EXERCISE DATA:
=== Section Start ===

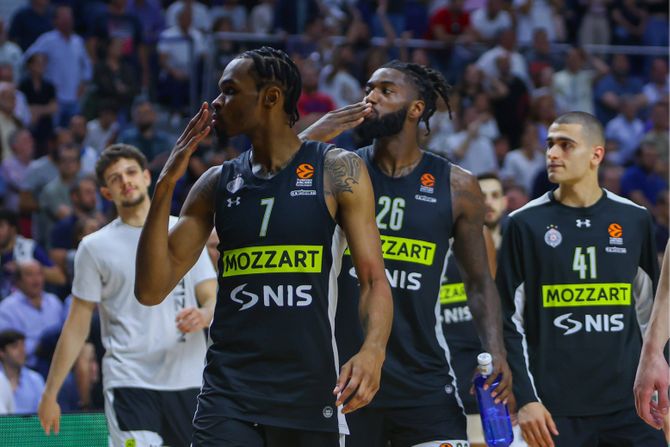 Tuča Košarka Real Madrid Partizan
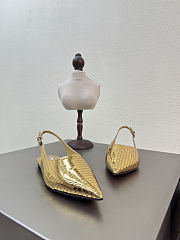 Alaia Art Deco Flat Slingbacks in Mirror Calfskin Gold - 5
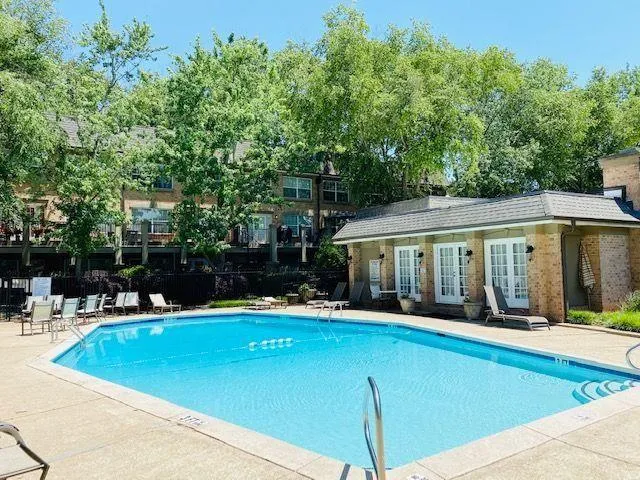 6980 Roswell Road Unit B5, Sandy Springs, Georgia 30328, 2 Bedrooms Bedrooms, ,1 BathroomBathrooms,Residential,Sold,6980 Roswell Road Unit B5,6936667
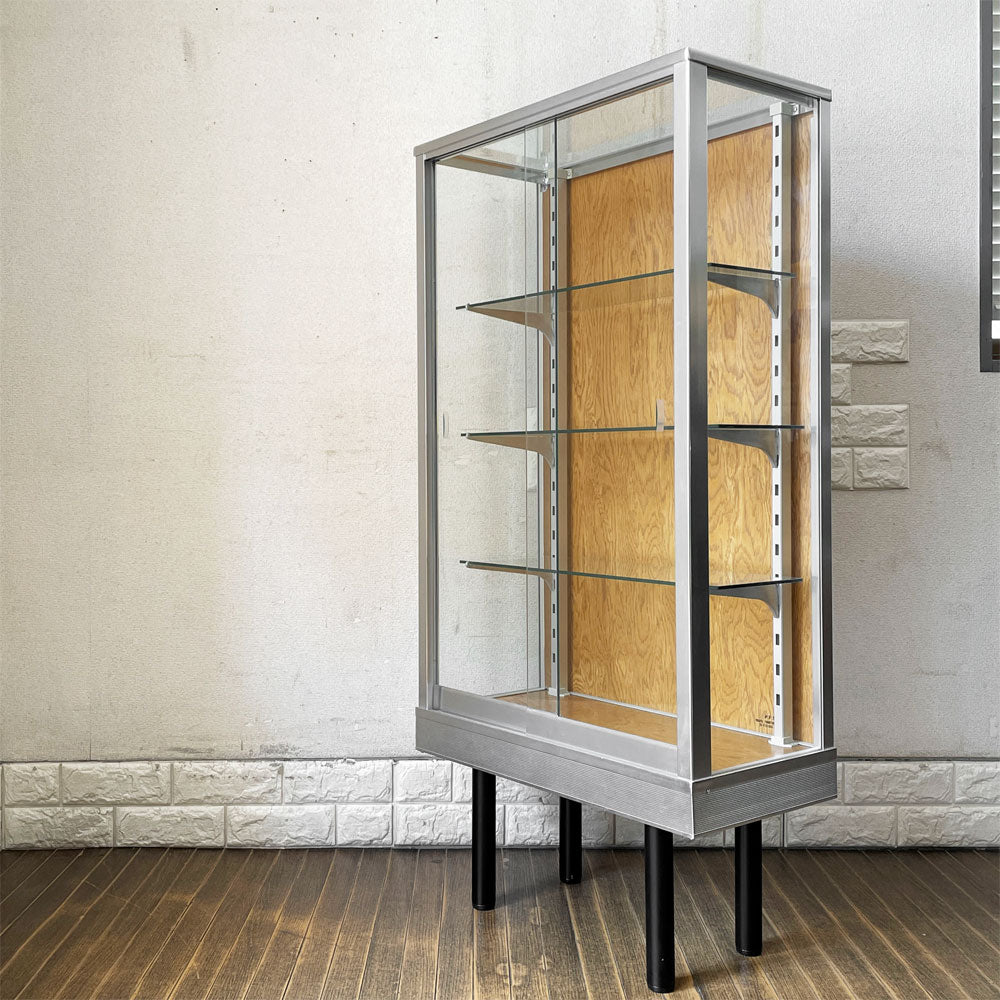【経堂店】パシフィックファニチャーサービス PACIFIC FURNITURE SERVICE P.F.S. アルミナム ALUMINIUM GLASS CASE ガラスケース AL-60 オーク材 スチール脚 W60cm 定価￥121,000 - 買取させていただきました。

=== Section End ===

Give all the lines above again, character for character, without pictures.

 Tuča Košarka Real Madrid Partizan
 Alaia Art Deco Flat Slingbacks in Mirror Calfskin Gold - 5
 6980 Roswell Road Unit B5, Sandy Springs, Georgia 30328, 2 Bedrooms Bedrooms, ,1 BathroomBathrooms,Residential,Sold,6980 Roswell Road Unit B5,6936667
【経堂店】パシフィックファニチャーサービス PACIFIC FURNITURE SERVICE P.F.S. アルミナム ALUMINIUM GLASS CASE ガラスケース AL-60 オーク材 スチール脚 W60cm 定価￥121,000 - 買取させていただきました。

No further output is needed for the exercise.